Required work: Look through the records, and wherever the string "Unit" turns up, copy out that line.

··· Records for processing

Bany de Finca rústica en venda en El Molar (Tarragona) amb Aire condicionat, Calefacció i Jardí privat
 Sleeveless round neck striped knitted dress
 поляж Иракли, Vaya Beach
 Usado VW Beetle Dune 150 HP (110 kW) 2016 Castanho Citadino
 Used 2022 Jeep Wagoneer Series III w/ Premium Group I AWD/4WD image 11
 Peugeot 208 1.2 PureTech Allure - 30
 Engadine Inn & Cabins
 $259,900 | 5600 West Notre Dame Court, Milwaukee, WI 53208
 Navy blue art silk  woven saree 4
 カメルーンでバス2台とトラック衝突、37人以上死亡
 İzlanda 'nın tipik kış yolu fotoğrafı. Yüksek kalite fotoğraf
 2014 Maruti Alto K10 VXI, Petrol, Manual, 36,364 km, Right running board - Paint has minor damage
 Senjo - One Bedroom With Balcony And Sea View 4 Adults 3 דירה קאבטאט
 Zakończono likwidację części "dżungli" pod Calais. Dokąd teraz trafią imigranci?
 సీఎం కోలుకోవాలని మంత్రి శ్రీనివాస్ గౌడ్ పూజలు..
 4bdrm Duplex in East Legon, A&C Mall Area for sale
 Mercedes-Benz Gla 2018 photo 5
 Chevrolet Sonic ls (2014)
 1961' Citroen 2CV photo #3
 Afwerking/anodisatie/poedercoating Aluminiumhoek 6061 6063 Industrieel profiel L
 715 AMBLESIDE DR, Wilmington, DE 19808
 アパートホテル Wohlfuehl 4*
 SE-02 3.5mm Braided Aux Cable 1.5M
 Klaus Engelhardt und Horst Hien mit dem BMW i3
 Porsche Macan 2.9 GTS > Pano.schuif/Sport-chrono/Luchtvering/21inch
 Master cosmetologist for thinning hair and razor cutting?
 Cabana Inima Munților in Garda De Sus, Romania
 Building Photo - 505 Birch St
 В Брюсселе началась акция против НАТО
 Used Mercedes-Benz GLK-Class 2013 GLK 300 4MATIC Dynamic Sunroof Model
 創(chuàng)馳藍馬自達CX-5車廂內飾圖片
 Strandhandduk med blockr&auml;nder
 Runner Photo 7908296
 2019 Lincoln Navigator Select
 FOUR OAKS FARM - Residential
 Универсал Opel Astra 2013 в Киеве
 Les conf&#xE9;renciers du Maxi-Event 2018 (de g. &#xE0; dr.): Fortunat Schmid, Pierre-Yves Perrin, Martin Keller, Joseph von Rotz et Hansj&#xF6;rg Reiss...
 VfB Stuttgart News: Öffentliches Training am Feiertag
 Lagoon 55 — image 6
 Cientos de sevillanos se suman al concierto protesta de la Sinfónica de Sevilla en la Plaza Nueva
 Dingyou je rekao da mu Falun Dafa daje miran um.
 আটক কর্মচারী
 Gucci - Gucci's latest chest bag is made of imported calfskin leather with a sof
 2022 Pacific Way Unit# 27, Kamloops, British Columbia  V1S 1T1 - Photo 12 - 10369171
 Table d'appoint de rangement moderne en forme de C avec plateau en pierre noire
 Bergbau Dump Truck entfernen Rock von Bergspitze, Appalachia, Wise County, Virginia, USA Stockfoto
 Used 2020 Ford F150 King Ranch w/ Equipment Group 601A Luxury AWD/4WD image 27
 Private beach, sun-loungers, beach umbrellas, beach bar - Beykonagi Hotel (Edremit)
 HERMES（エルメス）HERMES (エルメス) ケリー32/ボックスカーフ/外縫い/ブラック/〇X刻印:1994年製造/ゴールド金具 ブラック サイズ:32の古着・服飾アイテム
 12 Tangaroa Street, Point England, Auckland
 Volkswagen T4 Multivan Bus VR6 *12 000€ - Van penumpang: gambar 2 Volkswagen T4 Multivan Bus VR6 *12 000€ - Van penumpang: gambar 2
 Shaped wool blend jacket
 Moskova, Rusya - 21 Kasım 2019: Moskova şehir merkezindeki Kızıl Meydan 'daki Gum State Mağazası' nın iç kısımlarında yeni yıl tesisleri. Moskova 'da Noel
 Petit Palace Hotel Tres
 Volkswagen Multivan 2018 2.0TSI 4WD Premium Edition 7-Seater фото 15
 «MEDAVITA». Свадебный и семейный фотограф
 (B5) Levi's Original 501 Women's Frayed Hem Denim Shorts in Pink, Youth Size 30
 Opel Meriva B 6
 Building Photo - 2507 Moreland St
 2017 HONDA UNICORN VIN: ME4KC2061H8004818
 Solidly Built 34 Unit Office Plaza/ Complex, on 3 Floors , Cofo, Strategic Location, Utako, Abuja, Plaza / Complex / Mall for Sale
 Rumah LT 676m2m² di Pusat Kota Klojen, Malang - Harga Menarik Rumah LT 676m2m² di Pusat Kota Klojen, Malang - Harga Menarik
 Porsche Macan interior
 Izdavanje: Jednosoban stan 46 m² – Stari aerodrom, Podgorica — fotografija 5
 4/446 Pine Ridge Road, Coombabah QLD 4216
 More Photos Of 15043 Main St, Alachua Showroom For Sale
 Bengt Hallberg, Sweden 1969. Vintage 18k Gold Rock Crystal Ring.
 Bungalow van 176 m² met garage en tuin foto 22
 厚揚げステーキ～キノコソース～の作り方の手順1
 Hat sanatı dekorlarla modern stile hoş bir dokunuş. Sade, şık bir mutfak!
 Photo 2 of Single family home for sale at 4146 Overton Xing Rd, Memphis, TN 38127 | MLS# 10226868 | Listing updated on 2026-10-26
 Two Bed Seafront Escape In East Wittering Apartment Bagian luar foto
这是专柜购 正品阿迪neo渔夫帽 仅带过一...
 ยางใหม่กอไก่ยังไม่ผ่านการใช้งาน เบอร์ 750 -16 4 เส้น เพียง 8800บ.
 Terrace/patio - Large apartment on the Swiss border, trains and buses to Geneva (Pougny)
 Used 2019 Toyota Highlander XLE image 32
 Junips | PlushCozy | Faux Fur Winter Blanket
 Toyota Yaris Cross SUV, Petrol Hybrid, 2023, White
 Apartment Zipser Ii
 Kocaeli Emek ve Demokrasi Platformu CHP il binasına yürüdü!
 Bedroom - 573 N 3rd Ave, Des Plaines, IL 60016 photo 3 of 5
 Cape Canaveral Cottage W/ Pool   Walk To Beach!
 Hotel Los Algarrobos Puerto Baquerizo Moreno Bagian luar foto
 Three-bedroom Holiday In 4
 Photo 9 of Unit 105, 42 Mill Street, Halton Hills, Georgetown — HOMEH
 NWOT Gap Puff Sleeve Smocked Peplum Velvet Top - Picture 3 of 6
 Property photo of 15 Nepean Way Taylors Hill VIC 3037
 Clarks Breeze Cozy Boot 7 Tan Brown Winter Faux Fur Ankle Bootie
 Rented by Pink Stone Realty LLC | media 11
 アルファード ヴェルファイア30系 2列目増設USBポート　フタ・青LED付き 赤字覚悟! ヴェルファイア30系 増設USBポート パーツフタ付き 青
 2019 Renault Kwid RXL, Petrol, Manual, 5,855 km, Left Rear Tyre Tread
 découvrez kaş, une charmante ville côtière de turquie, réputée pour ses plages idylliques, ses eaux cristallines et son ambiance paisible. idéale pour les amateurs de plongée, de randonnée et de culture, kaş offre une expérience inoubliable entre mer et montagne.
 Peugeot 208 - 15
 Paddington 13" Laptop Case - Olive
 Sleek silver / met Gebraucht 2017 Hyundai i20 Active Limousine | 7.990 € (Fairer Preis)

······

Response to this task:
 2022 Pacific Way Unit# 27, Kamloops, British Columbia  V1S 1T1 - Photo 12 - 10369171
 Solidly Built 34 Unit Office Plaza/ Complex, on 3 Floors , Cofo, Strategic Location, Utako, Abuja, Plaza / Complex / Mall for Sale
 Photo 9 of Unit 105, 42 Mill Street, Halton Hills, Georgetown — HOMEH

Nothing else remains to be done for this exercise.